Cécile è una donna più vicina ai cinquanta che ai quaranta, proprietaria di alcuni negozi e imprenditrice finalmente di successo. Madre di una diciassettenne alla ricerca dell'indipendenza e moglie di un uomo con cui condivide ormai ben poco, Cécile sale sul treno delle 6:41 da Troyes a Parigi Gare del l'Est. È stata dai vecchi genitori per la classica visita, e rientra in città con un senso di frustrazione. Il posto accanto a lei resta libero, anzi no: ecco arrivare un cinquantenne trafelato, che le chiede il permesso di sedersi. È Philippe, certo invecchiato male, ma è sempre Philippe. Venticinque anni prima, nel mezzo degli anni Ottanta, ha avuto una relazione giovanile e breve con lui, finita male in una camera d'albergo di Londra.
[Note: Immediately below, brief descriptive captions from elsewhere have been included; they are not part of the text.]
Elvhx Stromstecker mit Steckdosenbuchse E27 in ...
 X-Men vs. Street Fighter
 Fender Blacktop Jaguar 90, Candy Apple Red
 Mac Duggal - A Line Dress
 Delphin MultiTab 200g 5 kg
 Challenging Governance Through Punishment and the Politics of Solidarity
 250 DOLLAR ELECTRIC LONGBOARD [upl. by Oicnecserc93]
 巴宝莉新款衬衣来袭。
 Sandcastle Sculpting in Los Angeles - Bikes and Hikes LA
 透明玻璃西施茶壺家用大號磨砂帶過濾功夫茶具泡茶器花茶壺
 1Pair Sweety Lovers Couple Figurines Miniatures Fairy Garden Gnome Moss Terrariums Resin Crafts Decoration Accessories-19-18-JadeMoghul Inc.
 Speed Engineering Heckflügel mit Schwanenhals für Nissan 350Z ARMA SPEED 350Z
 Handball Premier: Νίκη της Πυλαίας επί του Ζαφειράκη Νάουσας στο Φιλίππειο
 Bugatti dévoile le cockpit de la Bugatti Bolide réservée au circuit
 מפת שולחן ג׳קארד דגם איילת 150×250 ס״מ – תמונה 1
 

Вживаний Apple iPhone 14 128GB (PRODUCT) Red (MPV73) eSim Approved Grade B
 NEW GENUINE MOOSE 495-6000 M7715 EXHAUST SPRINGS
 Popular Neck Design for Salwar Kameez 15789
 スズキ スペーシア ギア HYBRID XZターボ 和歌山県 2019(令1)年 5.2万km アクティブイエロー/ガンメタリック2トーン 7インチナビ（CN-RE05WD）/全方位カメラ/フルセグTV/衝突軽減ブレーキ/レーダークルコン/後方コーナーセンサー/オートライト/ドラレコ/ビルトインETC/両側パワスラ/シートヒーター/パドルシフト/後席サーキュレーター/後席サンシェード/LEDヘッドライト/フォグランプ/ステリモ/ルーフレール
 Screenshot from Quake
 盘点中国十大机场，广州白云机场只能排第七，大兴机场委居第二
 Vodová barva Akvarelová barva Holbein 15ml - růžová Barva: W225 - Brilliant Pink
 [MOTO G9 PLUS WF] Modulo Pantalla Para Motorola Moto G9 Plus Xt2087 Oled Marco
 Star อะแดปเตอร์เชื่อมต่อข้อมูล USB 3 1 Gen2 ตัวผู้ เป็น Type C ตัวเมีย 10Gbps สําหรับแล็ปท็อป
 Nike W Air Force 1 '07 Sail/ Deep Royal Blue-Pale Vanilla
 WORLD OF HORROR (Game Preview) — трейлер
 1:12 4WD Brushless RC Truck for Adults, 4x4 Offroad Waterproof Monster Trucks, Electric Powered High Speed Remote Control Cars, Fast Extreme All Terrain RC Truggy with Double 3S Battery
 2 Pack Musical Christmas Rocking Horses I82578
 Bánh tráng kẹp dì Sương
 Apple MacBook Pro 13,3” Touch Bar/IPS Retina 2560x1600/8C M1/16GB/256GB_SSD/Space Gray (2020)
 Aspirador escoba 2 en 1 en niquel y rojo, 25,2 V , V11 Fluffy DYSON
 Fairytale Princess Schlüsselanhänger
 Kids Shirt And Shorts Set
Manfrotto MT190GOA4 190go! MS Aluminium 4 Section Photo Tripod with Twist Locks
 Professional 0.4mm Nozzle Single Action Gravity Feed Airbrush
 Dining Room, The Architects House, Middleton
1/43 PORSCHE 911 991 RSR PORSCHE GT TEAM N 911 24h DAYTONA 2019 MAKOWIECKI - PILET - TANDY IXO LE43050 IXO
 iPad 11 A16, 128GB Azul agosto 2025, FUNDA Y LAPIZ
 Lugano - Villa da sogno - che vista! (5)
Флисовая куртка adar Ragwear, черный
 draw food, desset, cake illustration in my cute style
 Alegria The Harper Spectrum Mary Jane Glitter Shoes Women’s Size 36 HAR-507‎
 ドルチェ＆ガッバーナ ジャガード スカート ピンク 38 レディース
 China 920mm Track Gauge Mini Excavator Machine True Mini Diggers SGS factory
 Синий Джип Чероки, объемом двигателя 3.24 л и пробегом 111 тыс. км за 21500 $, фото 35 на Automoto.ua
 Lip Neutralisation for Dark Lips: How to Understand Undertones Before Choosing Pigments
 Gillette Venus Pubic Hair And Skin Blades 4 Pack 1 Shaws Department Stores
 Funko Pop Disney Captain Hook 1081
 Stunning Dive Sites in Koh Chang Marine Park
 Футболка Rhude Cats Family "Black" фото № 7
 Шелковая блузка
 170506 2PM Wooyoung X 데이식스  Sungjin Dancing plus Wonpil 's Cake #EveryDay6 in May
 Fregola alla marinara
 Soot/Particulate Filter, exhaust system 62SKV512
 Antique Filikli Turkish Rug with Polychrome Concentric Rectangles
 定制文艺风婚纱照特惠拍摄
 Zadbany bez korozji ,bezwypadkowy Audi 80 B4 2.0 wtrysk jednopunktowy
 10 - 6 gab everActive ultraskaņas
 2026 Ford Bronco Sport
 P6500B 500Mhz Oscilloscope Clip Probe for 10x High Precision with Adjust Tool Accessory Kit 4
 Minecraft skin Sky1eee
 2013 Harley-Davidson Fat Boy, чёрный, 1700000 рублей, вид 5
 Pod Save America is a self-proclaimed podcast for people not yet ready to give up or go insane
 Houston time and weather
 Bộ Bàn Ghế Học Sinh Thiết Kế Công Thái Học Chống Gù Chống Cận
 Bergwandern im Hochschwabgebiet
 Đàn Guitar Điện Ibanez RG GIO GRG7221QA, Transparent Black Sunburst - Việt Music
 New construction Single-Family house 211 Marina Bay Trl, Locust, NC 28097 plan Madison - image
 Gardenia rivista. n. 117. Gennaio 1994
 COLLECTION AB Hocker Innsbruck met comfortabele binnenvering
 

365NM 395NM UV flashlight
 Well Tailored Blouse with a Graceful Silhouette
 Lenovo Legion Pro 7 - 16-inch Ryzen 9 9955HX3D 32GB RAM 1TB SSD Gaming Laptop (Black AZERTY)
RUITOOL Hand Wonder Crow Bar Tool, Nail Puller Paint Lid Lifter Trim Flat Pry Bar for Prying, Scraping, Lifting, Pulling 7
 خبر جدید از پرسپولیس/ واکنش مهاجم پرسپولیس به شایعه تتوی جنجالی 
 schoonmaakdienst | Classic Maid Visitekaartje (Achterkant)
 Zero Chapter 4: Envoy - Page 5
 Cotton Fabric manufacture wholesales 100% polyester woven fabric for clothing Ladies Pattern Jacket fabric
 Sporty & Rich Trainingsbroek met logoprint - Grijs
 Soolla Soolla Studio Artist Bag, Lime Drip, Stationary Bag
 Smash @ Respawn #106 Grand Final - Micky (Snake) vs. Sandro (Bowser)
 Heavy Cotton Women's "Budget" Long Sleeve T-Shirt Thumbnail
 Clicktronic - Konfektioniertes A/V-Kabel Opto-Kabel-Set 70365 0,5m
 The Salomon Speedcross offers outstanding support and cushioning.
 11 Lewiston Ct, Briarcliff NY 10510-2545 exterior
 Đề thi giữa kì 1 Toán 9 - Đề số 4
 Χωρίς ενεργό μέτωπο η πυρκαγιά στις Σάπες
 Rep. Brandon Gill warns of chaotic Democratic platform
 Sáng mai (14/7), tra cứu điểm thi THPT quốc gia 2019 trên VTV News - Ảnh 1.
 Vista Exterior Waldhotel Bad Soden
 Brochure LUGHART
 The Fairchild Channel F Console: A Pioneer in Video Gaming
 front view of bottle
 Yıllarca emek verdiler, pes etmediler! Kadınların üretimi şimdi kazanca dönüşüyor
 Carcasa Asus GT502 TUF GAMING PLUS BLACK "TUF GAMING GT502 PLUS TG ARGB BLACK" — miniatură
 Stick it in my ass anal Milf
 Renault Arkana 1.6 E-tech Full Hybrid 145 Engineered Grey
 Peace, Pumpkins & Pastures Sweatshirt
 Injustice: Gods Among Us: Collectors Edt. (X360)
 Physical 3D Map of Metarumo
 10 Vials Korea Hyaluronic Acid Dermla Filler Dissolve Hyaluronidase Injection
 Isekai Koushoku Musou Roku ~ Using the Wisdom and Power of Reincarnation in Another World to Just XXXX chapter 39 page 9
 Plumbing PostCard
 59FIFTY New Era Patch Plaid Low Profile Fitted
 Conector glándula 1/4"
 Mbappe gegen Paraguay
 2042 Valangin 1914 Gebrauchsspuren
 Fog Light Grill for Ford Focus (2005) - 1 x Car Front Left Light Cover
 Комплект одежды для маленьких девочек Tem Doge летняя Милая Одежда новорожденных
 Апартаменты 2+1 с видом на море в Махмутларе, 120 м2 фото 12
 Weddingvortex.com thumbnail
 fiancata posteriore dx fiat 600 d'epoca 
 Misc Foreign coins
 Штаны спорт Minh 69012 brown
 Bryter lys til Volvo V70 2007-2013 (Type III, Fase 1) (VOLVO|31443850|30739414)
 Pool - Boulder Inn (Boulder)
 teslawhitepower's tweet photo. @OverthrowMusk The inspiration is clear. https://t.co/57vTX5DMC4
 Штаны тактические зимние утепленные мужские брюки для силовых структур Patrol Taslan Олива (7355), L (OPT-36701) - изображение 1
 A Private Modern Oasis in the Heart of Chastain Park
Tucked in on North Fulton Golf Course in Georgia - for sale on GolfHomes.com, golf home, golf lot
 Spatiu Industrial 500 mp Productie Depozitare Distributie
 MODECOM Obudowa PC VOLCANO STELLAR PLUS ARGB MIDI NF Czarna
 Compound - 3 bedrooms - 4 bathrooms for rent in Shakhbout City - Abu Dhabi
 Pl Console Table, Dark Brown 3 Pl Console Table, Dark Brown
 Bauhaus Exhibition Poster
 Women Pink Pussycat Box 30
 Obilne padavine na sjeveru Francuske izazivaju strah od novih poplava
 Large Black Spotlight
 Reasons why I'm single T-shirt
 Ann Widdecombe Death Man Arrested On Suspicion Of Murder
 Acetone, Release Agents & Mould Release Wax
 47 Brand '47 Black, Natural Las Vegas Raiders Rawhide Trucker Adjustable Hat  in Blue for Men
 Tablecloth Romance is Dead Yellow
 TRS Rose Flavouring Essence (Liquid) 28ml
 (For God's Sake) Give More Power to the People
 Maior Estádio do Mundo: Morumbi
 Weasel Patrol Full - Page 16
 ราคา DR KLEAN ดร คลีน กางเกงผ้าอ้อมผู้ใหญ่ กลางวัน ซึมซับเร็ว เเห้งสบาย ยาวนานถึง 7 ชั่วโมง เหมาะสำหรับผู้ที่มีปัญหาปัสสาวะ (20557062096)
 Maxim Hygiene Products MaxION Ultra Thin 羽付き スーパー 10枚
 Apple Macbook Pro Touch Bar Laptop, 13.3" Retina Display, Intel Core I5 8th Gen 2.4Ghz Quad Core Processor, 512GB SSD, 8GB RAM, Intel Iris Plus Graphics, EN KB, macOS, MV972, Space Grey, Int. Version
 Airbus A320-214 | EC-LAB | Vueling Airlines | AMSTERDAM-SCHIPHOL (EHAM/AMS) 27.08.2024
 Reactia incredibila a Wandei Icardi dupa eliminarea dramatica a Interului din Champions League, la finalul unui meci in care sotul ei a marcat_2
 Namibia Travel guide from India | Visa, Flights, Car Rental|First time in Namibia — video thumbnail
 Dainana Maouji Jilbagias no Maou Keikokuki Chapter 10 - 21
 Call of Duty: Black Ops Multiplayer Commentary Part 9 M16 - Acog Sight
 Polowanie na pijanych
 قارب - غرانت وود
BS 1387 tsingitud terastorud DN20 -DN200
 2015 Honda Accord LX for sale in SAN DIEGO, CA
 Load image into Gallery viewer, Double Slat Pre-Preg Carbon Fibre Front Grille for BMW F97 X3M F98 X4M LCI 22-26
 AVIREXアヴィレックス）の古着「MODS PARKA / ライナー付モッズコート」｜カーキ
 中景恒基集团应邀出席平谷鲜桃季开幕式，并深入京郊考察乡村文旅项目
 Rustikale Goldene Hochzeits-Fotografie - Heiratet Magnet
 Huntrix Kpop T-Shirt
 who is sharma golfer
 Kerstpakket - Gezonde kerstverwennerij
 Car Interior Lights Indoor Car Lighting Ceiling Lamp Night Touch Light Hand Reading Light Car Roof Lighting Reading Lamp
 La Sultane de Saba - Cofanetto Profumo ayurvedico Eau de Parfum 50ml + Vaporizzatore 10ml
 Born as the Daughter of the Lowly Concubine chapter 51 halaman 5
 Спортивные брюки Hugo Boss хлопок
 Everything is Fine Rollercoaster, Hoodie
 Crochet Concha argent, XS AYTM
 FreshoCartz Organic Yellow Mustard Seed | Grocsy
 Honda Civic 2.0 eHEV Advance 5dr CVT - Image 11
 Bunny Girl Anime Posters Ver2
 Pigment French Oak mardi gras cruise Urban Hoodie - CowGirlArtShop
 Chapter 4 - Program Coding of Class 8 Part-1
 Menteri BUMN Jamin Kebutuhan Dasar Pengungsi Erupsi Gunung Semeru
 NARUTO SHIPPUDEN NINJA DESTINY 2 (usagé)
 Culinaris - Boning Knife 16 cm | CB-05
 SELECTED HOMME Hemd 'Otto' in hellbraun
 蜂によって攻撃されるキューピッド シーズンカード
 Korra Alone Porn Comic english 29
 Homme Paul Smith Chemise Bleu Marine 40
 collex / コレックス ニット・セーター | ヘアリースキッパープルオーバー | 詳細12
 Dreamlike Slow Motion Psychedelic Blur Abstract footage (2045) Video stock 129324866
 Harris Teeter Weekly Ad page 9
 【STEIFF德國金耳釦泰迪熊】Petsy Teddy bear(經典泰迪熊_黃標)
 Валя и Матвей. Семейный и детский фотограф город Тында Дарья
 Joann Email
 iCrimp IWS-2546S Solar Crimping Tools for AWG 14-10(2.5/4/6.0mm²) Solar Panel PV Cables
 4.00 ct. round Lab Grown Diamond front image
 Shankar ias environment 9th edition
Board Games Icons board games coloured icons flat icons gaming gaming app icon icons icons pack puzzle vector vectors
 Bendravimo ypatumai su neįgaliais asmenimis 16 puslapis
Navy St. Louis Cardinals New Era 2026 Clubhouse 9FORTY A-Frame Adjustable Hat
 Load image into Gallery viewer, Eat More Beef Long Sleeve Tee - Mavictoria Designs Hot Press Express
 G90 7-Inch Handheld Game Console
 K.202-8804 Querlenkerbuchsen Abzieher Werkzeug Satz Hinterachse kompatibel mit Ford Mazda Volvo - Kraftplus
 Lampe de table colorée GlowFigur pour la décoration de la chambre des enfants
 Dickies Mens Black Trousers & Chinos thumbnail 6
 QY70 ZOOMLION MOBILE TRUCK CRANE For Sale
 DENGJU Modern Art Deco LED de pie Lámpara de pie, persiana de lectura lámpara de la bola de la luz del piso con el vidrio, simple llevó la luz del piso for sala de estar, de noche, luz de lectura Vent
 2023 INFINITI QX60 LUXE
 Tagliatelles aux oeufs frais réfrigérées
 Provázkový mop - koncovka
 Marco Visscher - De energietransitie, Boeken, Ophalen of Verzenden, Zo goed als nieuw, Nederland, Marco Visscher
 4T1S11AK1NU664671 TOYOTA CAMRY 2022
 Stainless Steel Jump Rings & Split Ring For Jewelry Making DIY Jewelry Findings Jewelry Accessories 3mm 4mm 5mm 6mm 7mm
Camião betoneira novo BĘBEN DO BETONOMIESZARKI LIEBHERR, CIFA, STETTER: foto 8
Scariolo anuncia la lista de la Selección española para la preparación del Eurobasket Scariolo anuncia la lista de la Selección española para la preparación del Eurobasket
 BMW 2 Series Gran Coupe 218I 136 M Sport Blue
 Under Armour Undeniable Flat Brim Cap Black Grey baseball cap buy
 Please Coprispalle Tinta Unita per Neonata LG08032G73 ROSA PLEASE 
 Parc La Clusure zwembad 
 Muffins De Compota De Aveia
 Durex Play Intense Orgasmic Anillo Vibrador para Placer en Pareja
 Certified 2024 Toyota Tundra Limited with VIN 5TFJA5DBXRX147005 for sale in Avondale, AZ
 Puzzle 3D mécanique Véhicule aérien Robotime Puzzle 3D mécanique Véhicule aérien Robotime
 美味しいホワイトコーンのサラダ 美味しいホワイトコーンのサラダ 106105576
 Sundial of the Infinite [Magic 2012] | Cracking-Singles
Anche Philippe la riconosce, e non sa che cosa fare: salutarla, ignorarla, andarsene?
Il libro è un reseconto, a voci alternate, dei pensieri di Cécile e Philippe; la trascrizione dei ricordi e delle considerazioni di chi è sospinto a fare un bilancio della propria vita da un incontro inaspettato e soprattutto indesiderato. Non è un libro che ci cambia la vita, piuttosto un libro che ci mostra
come cambia la vita. Molto europeo, tendente ad esasperare un fatto piuttosto banale come la fine di un rapporto post-adolescenziale. Verrebbe da consigliare ai due protagonisti di pensare ai veri problemi, perché non si può serbare rancore per una scemenza simile.
O forse sì, probabilmente succede ogni giorno. Il libro si chiude con una scena vagamente stereotipata e, ancora una volta, taaaaaanto francese ed esistenzialista.
Complessivamente un buon romanzo, da leggere senza troppe pretese di profondità. Un romanzo da pendolare, ecco.